Middle Eastern-based airlines are making interior design a focus for their investments and are increasingly looking at new technologies to make aircraft cabins more comfortable for passengers.
In the last 18 months alone, a number of Middle East carriers have been making retrofitted interior investments.
Etihad and Emirates have retrofitted their cabins, collectively costing close to half a billion dollars.
In early 2019, Turkish Airlines commissioned bespoke seats for its 25 Boeing 787-9 and 25 Airbus 350-900 aircraft. While Oman Air upgraded lighting on-board and Lebanon’s carrier, Middle East Airlines, replaced its cabin seating.
Consultancy firm Oliver Wyman anticipates 11,600 new aircraft will be delivered over the next decade – mostly narrow-bodied.

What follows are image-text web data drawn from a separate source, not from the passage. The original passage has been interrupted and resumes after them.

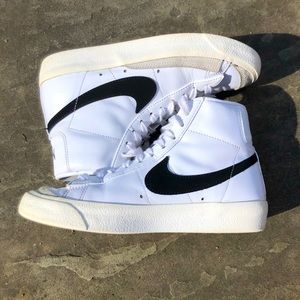 Woman’s size 6 woman’s blazers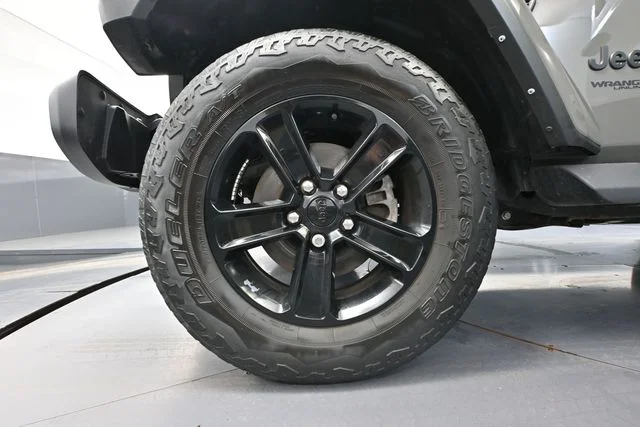Certified Used 2022 Gray Jeep Unlimited Sahara Altitude image 20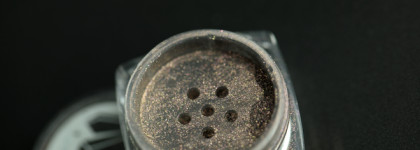 Минеральные сияющие тени Ecomake в оттенке Искрящийся кремний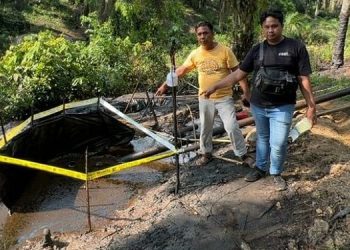 Lokasi aktifitas sumur minyak ilegal di beri garis polisi (dok istimewa)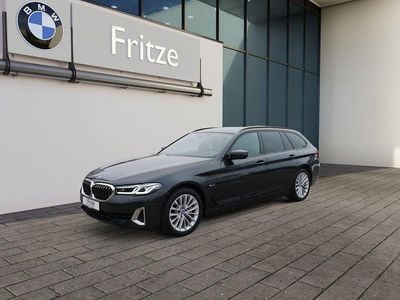 Grau Gebraucht 2022 BMW 530e Luxury Line Kombi | 35.435 € (Fairer Preis)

The same report shows the Middle East, with 4.7% growth, as the third fastest growing market for new aircraft deliveries, confirmed by Boeing’s prediction that nearly 2,900 new aircraft will need to be delivered to the Middle East in the next 20 years to accommodate growth.

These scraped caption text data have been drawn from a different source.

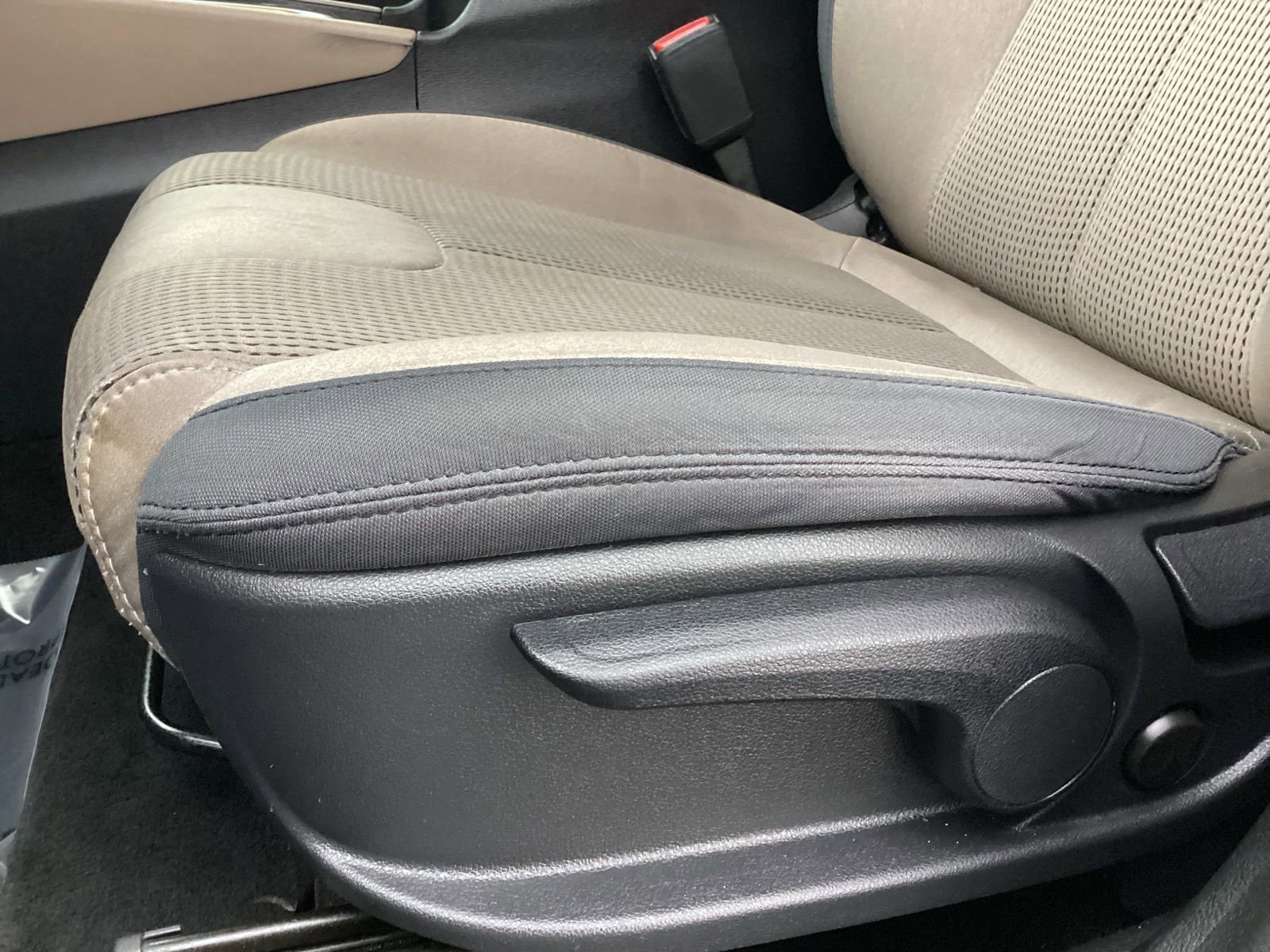 Used 2020 Hyundai Santa Fe SE image 12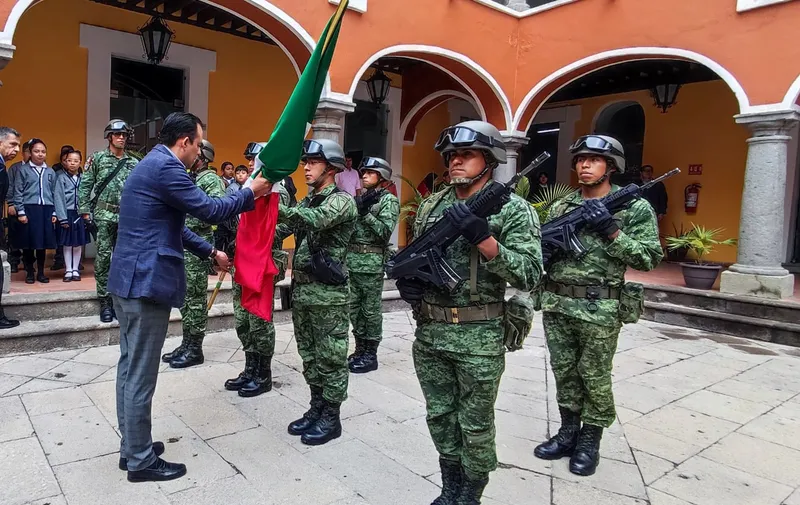 congreso-puebla-incineracion-de-bandera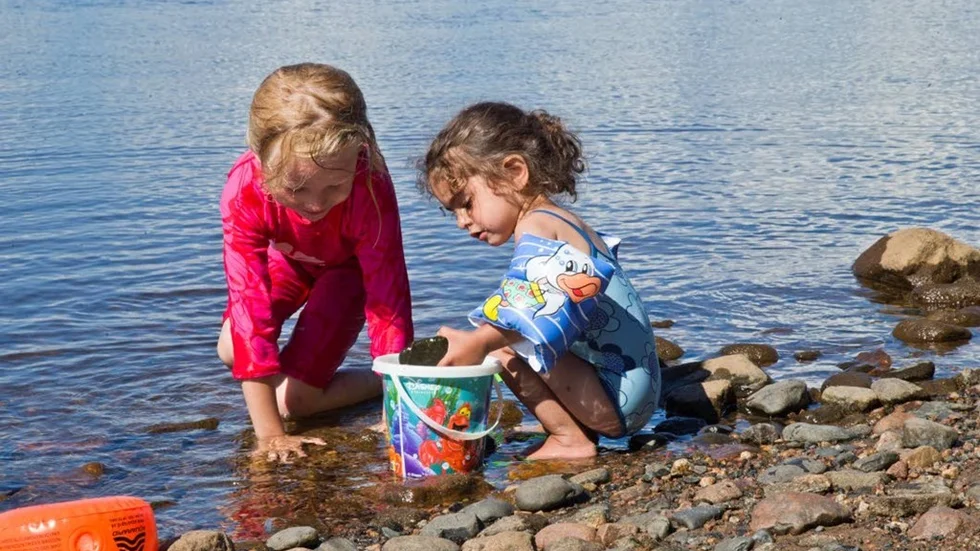 Maria tycker om att leka med storasyster Thea och vill vara fem år precis som henne.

Aircraft Interiors Middle East (AIME) takes place in February next year to showcase the latest technologies on offer to airlines. The 2019 edition of AIME attracted airline buying representatives of 71 airlines from the Middle East and Europe.
Caryn McConnachie, aerospace director of show organiser Tarsus F&E LLC Middle East, said: “AIME is the Middle East’s only dedicated aircraft interiors event. As such, it provides the ideal platform for airline interiors buyers and suppliers to really connect and do business. Year after year the feedback that we receive tells us that the market sees AIME as an unmissable event.”